## WHAT YOU NEED TO DO
I need only the number of lines in this data that contain the string "Lexus".

## RECORDS
########
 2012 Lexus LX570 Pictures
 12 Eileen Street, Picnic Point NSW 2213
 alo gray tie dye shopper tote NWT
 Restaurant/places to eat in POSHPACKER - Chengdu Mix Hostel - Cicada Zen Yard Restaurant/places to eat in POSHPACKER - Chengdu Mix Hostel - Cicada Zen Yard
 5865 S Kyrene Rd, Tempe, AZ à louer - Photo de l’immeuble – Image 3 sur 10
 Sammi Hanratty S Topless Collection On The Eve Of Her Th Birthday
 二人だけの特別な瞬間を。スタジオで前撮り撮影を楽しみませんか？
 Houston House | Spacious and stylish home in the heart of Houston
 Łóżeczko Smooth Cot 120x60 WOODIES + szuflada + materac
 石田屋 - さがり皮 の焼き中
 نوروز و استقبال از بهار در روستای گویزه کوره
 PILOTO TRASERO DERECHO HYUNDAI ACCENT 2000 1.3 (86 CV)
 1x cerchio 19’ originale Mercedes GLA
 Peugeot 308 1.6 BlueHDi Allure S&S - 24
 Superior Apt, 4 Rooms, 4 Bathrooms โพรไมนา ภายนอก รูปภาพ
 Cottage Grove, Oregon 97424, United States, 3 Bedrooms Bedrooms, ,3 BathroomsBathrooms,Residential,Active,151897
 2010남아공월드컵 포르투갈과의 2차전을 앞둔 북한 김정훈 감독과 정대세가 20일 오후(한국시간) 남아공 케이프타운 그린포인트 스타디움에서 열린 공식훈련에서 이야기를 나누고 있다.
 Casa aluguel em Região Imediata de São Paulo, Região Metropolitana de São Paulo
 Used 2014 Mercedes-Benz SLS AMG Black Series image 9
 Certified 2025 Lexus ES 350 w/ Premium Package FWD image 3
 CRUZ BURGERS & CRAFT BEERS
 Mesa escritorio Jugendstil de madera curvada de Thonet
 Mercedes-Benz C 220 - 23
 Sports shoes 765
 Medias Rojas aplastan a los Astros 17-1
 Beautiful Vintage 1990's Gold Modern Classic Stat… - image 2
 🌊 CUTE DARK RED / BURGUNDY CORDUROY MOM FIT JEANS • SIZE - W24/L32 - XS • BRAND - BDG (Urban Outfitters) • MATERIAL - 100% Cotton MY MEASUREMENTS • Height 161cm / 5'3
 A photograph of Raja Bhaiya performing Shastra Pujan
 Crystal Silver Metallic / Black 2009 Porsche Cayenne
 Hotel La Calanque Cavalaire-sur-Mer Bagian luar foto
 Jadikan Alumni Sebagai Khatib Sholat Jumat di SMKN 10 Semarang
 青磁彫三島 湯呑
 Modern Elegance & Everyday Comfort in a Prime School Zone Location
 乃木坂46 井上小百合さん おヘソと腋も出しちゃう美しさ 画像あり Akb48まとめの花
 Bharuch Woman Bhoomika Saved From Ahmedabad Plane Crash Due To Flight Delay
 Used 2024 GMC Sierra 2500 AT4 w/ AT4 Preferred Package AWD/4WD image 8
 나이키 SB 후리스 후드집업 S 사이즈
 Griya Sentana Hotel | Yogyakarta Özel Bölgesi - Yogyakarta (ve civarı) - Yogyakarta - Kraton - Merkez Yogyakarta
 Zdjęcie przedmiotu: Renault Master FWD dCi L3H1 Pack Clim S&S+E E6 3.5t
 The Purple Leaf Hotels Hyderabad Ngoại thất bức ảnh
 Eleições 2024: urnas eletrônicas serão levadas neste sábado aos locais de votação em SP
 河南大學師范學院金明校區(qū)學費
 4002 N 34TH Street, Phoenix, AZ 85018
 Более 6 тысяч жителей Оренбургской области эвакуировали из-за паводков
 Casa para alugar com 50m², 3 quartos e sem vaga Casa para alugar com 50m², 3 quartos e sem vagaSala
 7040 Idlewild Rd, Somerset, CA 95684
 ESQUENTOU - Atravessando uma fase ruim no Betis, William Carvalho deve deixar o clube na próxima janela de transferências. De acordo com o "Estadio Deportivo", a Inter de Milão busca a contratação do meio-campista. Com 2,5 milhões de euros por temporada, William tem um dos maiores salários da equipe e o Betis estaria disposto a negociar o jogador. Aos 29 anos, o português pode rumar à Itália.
########
## EXPECTED ANSWER
2